NANAIMO — Despite awareness efforts, a federal assistance program offering financial help for education isn’t being taken advantage of in the mid-Vancouver Island area.
The Canada Learning Bond opens a no-fee Registered Education Savings Plan (RESP) for those who fall below the poverty line in Canada. It deposits $500 in the account when it’s opened and $100 a year until a child is 15, offering up to $2,000 for education at any post-secondary institution across Canada. The Canada Learning Bond doesn’t require families to match contributions.
According to statistics offered by Vancouver Island University, more than 9,900 eligible youth and their families haven’t taken advantage of the Bond, leaving nearly $20 million in unused financial assistance.
“This is a challenge we see right across our region,” said William Litchfield, associate vice-president of university relations with VIU. Since 2012, VIU has campaigned on behalf of the learning bond to raise awareness about it and hopefully enroll more students in post-secondary education across Canada.
“If kids, by the time they’re in Grade 5, know they have a bank account or an RESP set up for them to go to post-secondary, they’re four times more likely to go. Eighty per cent of all jobs on Vancouver Island will require some form of post-secondary education in the future. If kids are left out of that opportunity and people aren’t engaging them at a young age as to what they want to be…how are they going to be able to get the jobs to support their family and break some of these cycles of poverty?”

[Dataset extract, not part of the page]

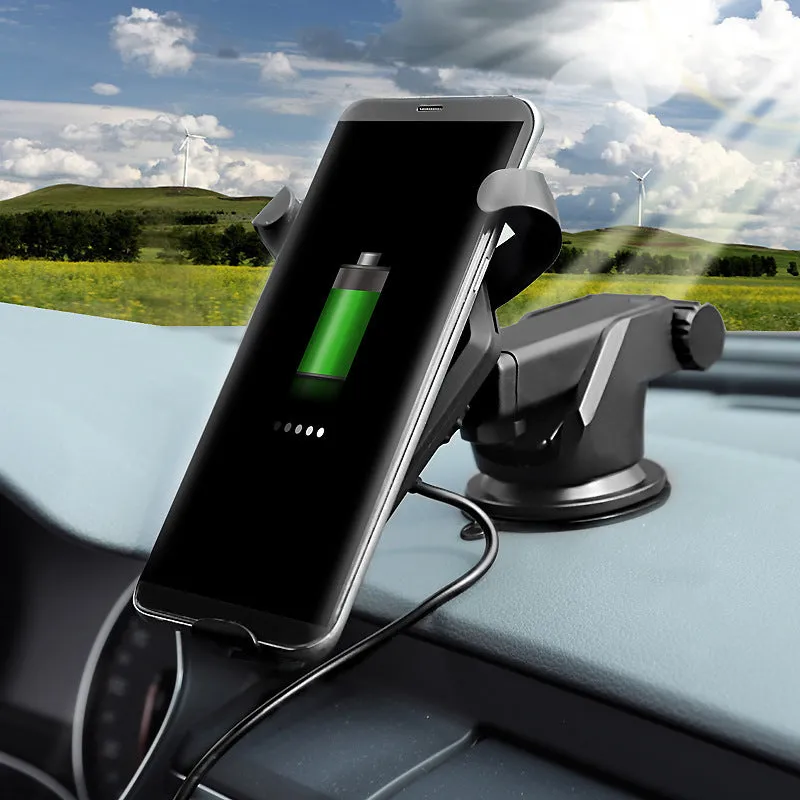 Black car wireless charger magic array with Micro USB input for vehicle charging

Litchfield said there are numerous reasons as to why the learning bonds haven’t been taken advantage of, including a lack of awareness and a lack of trust.
“If someone says ‘I’m going to give you $2,000 for your education, no strings attached,’ it’s a little confusing as to why someone would do that.”
Trish Garner, the community organizer at the BC Poverty Coalition, said it’s also a matter of available time for impoverished families.
“Most poor people in B.C. are actually working, often more than one minimum wage job, trying to make ends meet. They barely have time to spend with their kids and family, let alone thinking beyond that to investments in their kids’ future, as much as they would like to.”
To apply for the Canada Learning Bond, the child benefiting must have a Social Insurance Number and Garner said making sure the paperwork is correct can be arduous and time-consuming.
“You’re just really focused on where that next meal is coming from, how can I heat the home, pay the rent and keep my kids safe. It’s very much a survival mode of living in the present when you’re in such deep poverty.”